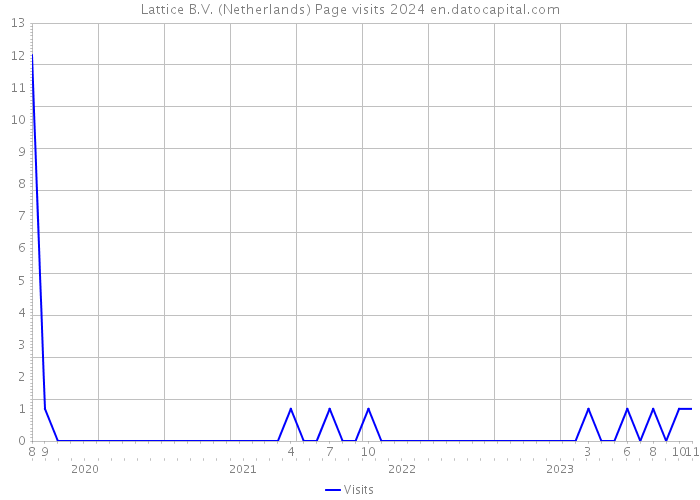 Lattice B.V. (Netherlands) Page visits 2024 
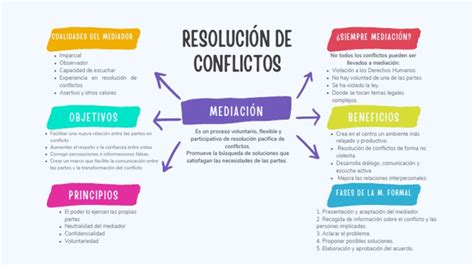 Esquema sobre el rol del municipio en la mediación y promoción de derechos ciudadanos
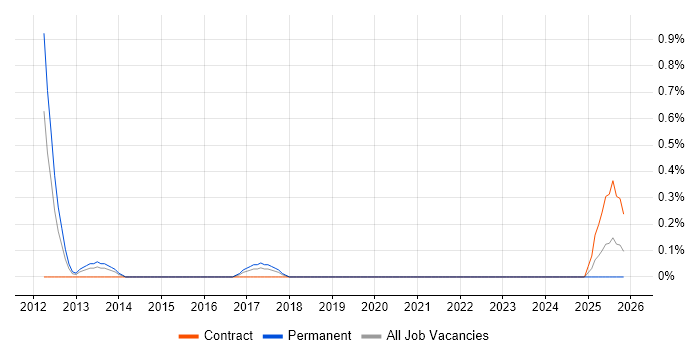 Information Security Governance job vacancy trend in Northamptonshire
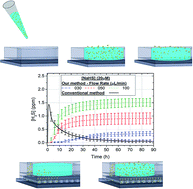 Graphical abstract: Generation of controllable gaseous H2S concentrations using microfluidics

+++

:: What to work on ::
Every line of the listing above is to be set down verbatim, without the pictures.

:: Written solution ::
 Lattice B.V. (Netherlands) Page visits 2024 
 Esquema sobre el rol del municipio en la mediación y promoción de derechos ciudadanos
 Information Security Governance job vacancy trend in Northamptonshire
 Graphical abstract: Generation of controllable gaseous H2S concentrations using microfluidics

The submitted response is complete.